:: Dataset content ::

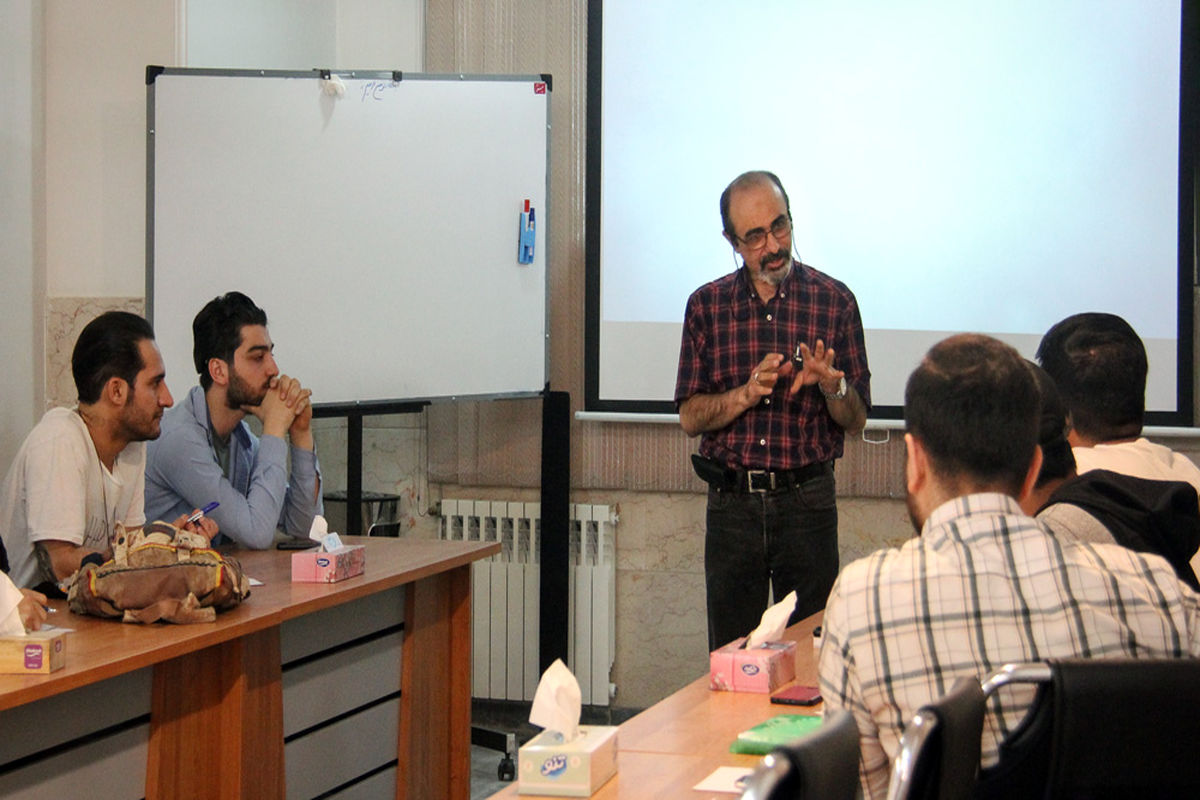 حوزه هنری قم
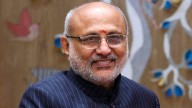 Vice President CP Radhakrishnan to hold first meeting with leaders of various parties on Tuesday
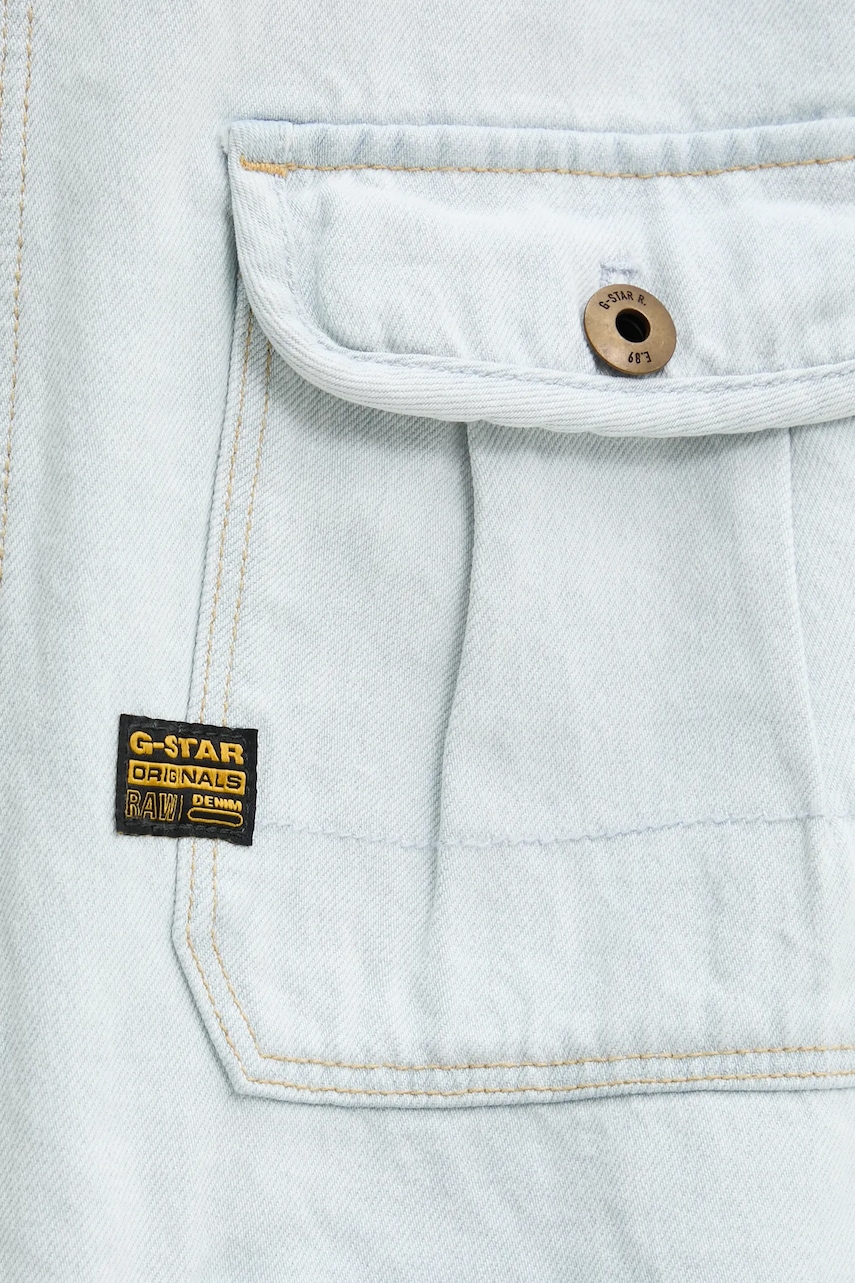 Bunda G-Star
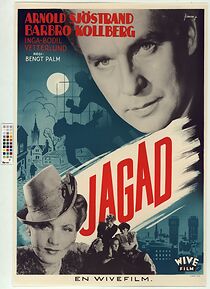 Watch Jagad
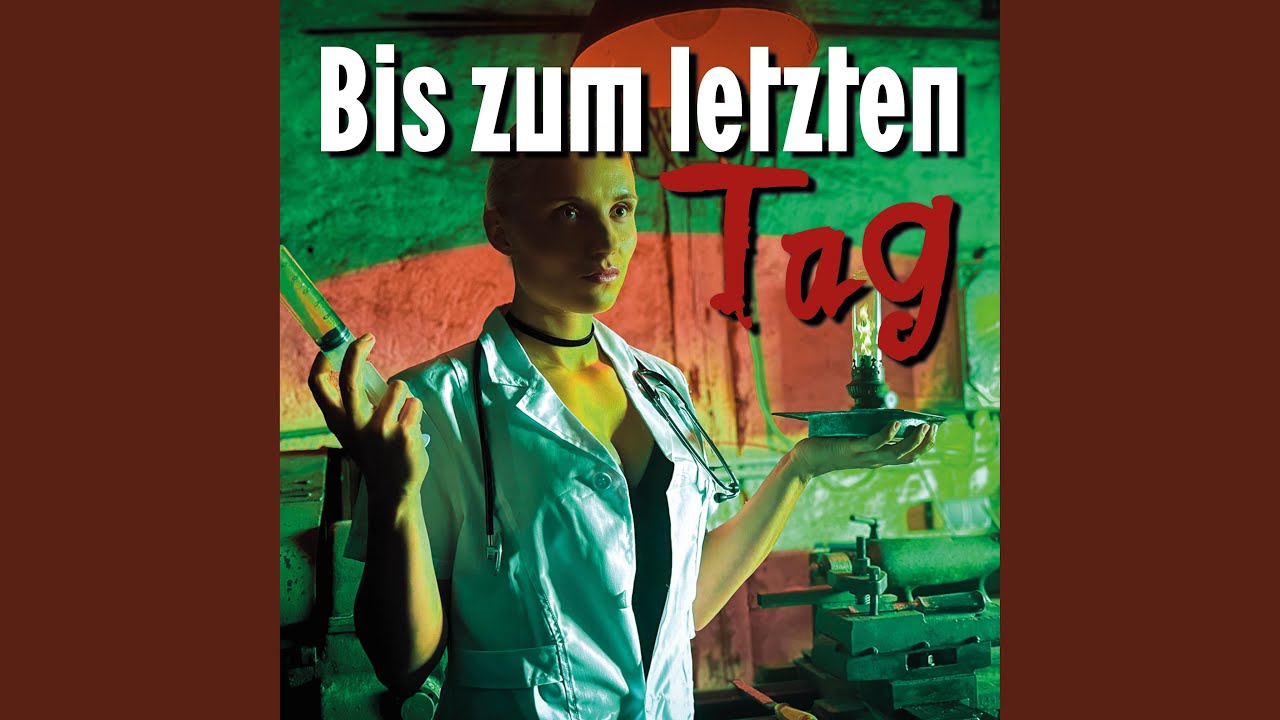Bis zum letzten Tag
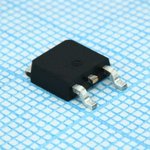 STD100N10F7, MOSFET N-Ch 100V 0.0068mOhm 80A STripFETVII 120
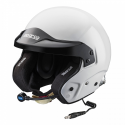 Sparco PRO RJ-3i helmet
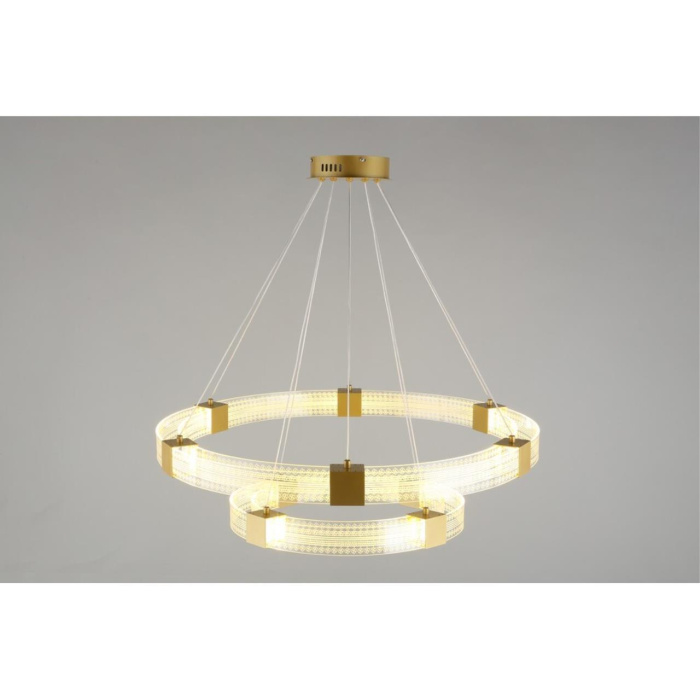 Подвесной светильник Aployt Misia APL.030.03.100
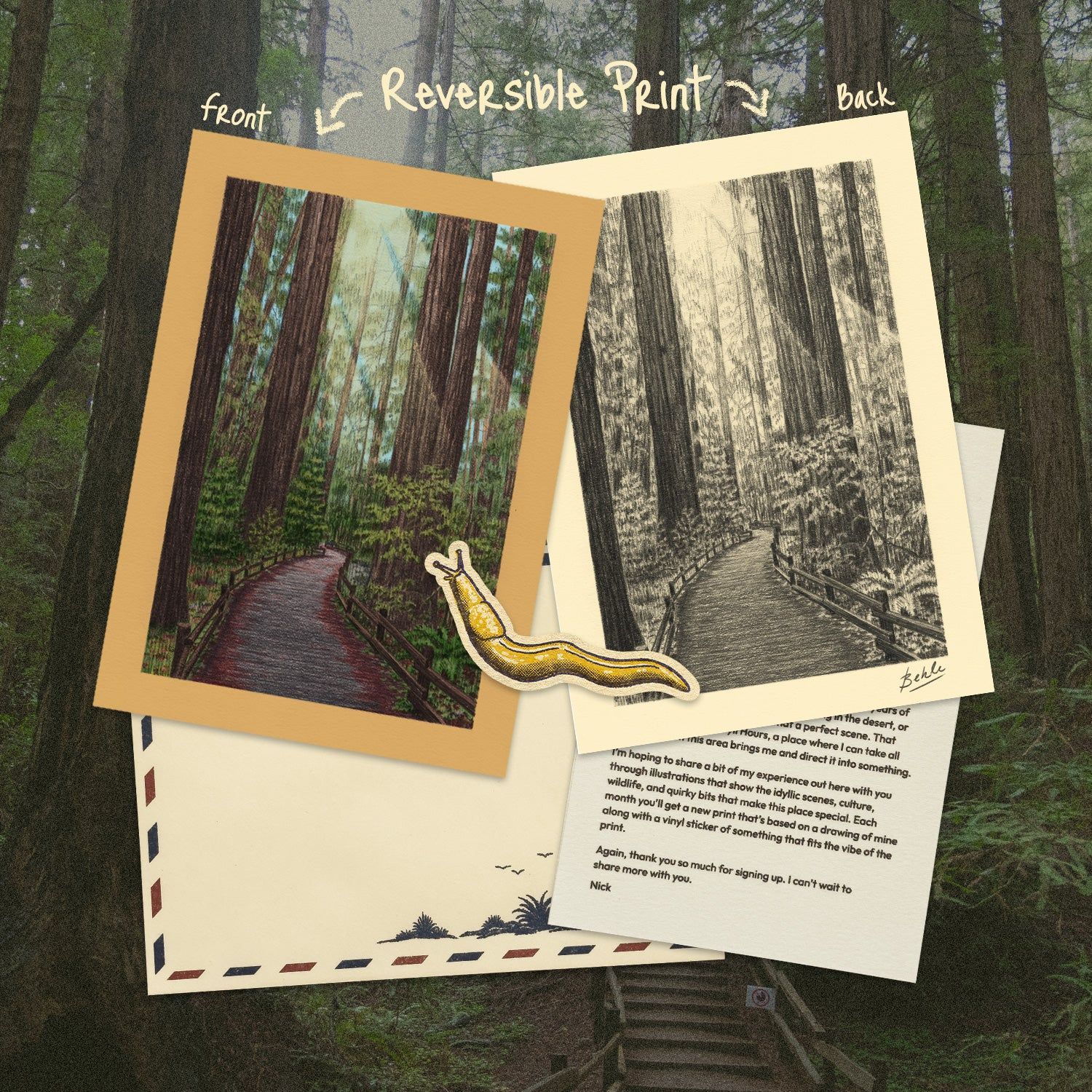 Idyll Hours Art Club gallery image 3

:::

- _Activity_: I'd like the records above given again exactly, please, without the pictures.

- _Result of this exercise_:
 حوزه هنری قم
 Vice President CP Radhakrishnan to hold first meeting with leaders of various parties on Tuesday
 Bunda G-Star
 Watch Jagad
Bis zum letzten Tag
 STD100N10F7, MOSFET N-Ch 100V 0.0068mOhm 80A STripFETVII 120
 Sparco PRO RJ-3i helmet
 Подвесной светильник Aployt Misia APL.030.03.100
 Idyll Hours Art Club gallery image 3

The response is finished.